La documentation pédagogique : un outil pour écouter les enfants

De Dominique Golay, Lina Margarita Romano et Annelyse Spack
Nous devons écouter les enfants et les traiter comme des interlocuteurs à part entière, afin qu’ils puissent participer pleinement à la vie sociale et politique. Tout cela fait consensus… dans les discours des adultes !
En effet, l’art et la manière d’écouter les enfants, et de documenter leurs voix à des fins éthiques, professionnelles et politiques un tant soit peu exigeantes demandent des compétences solides. Professionnel·les du parascolaire : la pratique de la documentation pédagogique est une nécessité et, bonne nouvelle, elle est à votre portée. Lisez plutôt !

Dans l’excellent article de Golay, Spack et Romano que nous vous présentons dans cet article, on pose clairement les choses :

Donner une voix aux enfants peut avoir « une portée professionnelle et politique permettant d’amorcer des changements et potentiellement d’améliorer le vivre ensemble et le bien-être de toutes et tous. »

Mais n’allons pas trop vite : pour commencer, quand on est professionnel·le dans un lieu d’accueil parascolaire, de quels outils dispose-t-on pour recueillir et documenter les paroles des enfants ? Parmi ces outils, la pratique de la documentation pédagogique vous a probablement tout de suite sauté à l’esprit. Néanmoins, cette pratique fait régulièrement l’objet de certaines confusions. Commençons donc par préciser de quoi l’on parle.

La documentation pédagogique ne se limite pas à l’observation des enfants.

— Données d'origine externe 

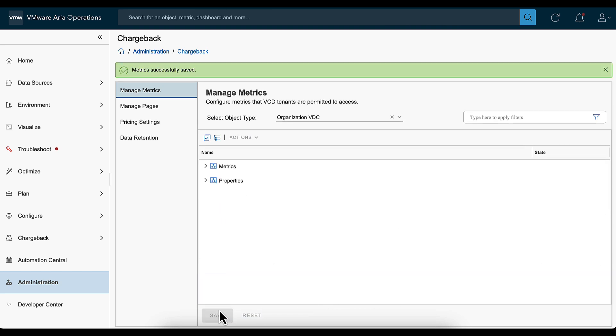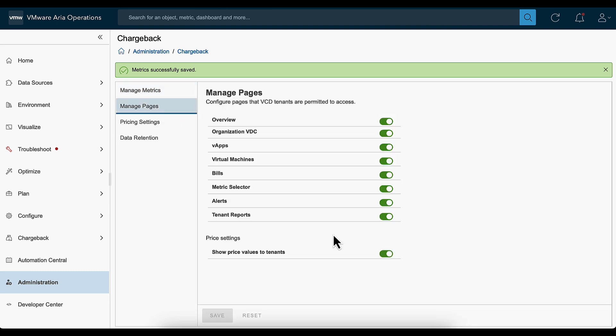To enable or disable page access for your tenants, under the Manage Pages section, toggle the setting for show price values to tenants and click Save.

Elle désigne deux choses distinctes mais inséparables l’une de l’autre :

Comme contenu, elle correspond aux matériaux qui enregistrent les manières dont la vie en institution d’accueil a cours, à tous les niveaux de fonctionnement et de relations possibles (et non pas seulement ce qui relève de la classique « observation de l’enfant ») : il peut s’agir de notes manuscrites, d’enregistrements audio ou vidéo, de photographies, de productions enfantines… « Ces matériaux rendent concret et visible (ou audible) le travail pédagogique et sont, en tant que tels, un ingrédient important du processus de documentation. » (Dahlberg et al., 1999, p. 234)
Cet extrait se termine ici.